1

I'm curently storing a list of ids in a column as a CSV string value ('1;2;3').

I'd like to optimize with a better approach (I believe) which would use varbinary(max).

I'm looking for tsql functions
1 . That would merge side by side a set of integer rows into a varbinary(max)
2 . That would split the varbinary field into a set of int rows

Any tips appreciated, thanks

TheGameiswar
  • 27,855
  • 8
  • 56
  • 94
uzul
  • 1,096
  • 9
  • 23
  • 1
    A better approach would be to normalise your data. If you have three items of data which are the same "type" of information, then yes, they do belong in the same column, but they belong in *separate* rows. – Damien_The_Unbeliever Aug 05 '16 at 09:08
  • 2
    No. It would not be better. It would still be keeping multiple values in the same column. You better create another table to hold these values one for each row.
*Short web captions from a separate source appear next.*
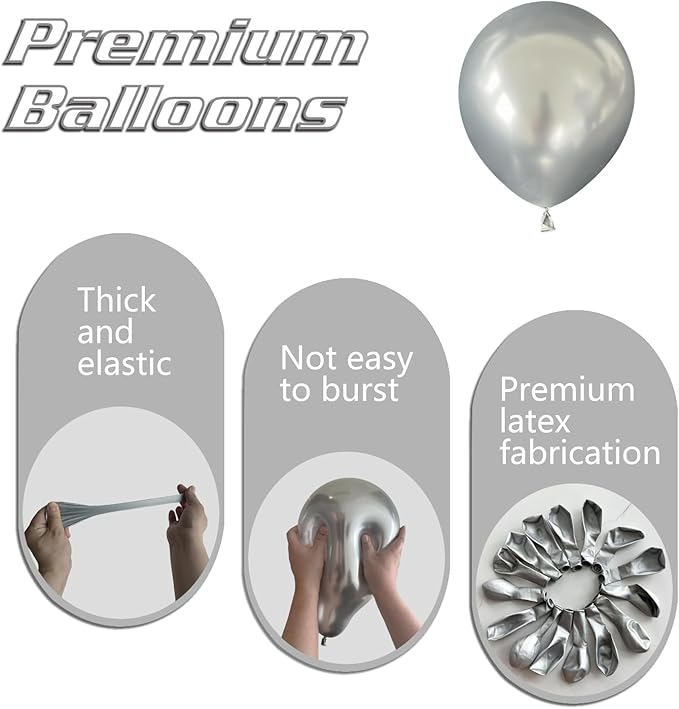 Metallic Silver Balloons 145pcs Different Sizes 5in 10in 12in 18in Chrome Silver Shiny Round Latex Balloon Arch Kit Garland for Wedding Baby Shower Birthday Party Decor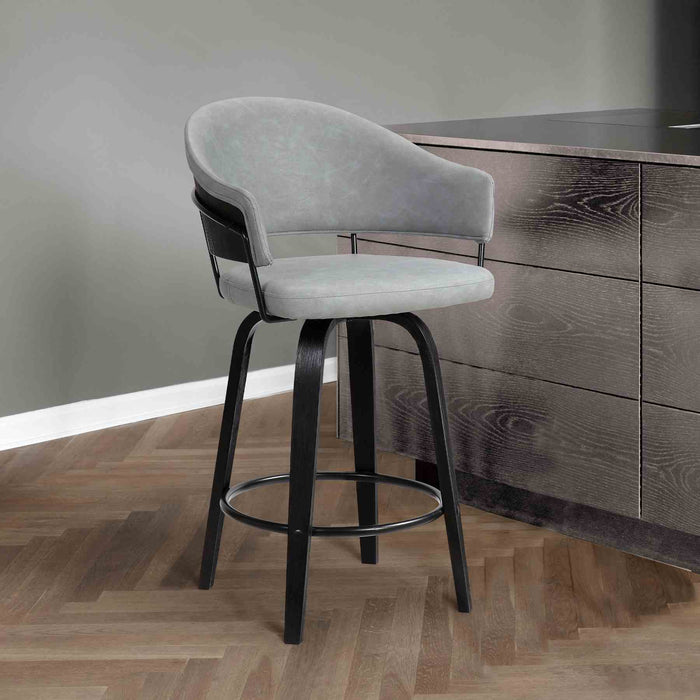 Doral 26" Light Gray Faux Leather Barstool in Black Powder Coated Finish and Black Brushed Wood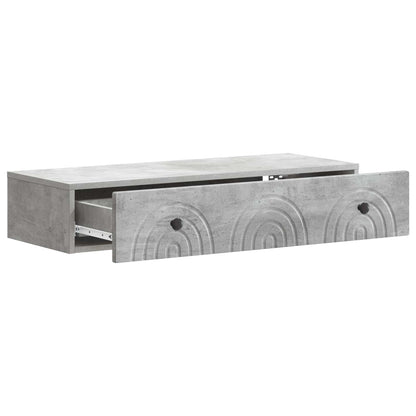 Wall-Mounted Side Table Concrete Grey 87.5 x 34.5 x 17 cm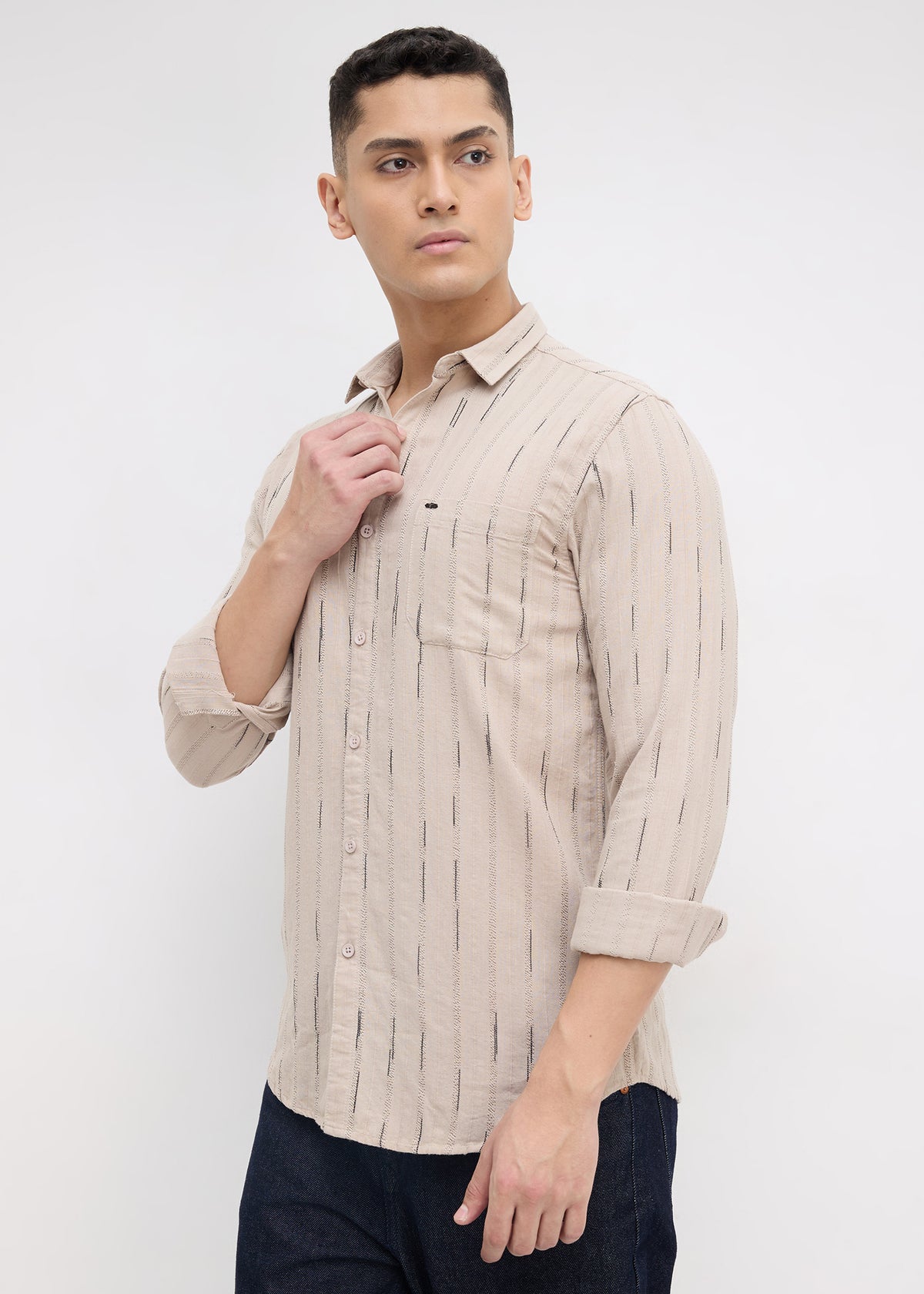 Qatar Full Sleeve Textured Shirt: Beige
For more information, Read [Is storing a delimited list in a database column really that bad?](http://stackoverflow.com/questions/3653462/is-storing-a-delimited-list-in-a-database-column-really-that-bad), where you will see a lot of reasons why the answer to this question is **Absolutly yes!** – Zohar Peled Aug 05 '16 at 09:09
  • This is not a question about the 'best practices'. I'm storing these values as results of a precomputed costy operation. – uzul Aug 05 '16 at 09:19
  • If this is not about "best practices", how are we meant to interpret "I'd like to optimize with a better approach". And you haven't even explained what reason you have for believing that performing two additional transformations on this data will be "better" – Damien_The_Unbeliever Aug 05 '16 at 09:20
  • I meant 'a better approach of storing multiple values'. Storing multiple values as a varbinary(max) is what Microsoft is doing in their GraphView project – uzul Aug 05 '16 at 09:26

1 Answers1

0

Solution is very questionable. I'd also suggest to normalize the data.
However, if you still want to store your data as VARBINARY, here is the solution:

CREATE FUNCTION dbo.fn_String_to_Varbinary(@Input VARCHAR(MAX))
RETURNS VARBINARY(MAX) AS
BEGIN
DECLARE @VB VARBINARY(MAX);
WITH CTE as (
    SELECT CAST(CAST(LEFT(IT,CHARINDEX(';',IT)-1) AS INT) as VARBINARY(MAX)) as VB, RIGHT(IT,LEN(IT) - CHARINDEX(';',IT)) AS IT
    FROM (VALUES (@Input)) as X(IT) union all
    SELECT VB + CAST(CAST(LEFT(IT,CHARINDEX(';',IT)-1) AS INT) as VARBINARY(MAX)) as VB, RIGHT(IT,LEN(IT) - CHARINDEX(';',IT)) AS IT FROM CTE WHERE LEN(IT) > 1
)
SELECT TOP 1 @VB = VB FROM CTE
ORDER BY LEN(VB) DESC
RETURN @VB
END 
GO
DECLARE @Input VARCHAR(MAX) = '421;1;2;3;5000;576;842;375;34654322;18;67;000001;1232142334;'
DECLARE @Position INT = 9
DECLARE @VB VARBINARY(MAX)
SELECT @VB = dbo.fn_String_to_Varbinary(@Input)
SELECT @VB, CAST(SUBSTRING(@VB,4*(@Position-1)+1,4) AS INT)
GO

The function converts string into VARBINARY and then script extracts 9th number from that VARBINARY value.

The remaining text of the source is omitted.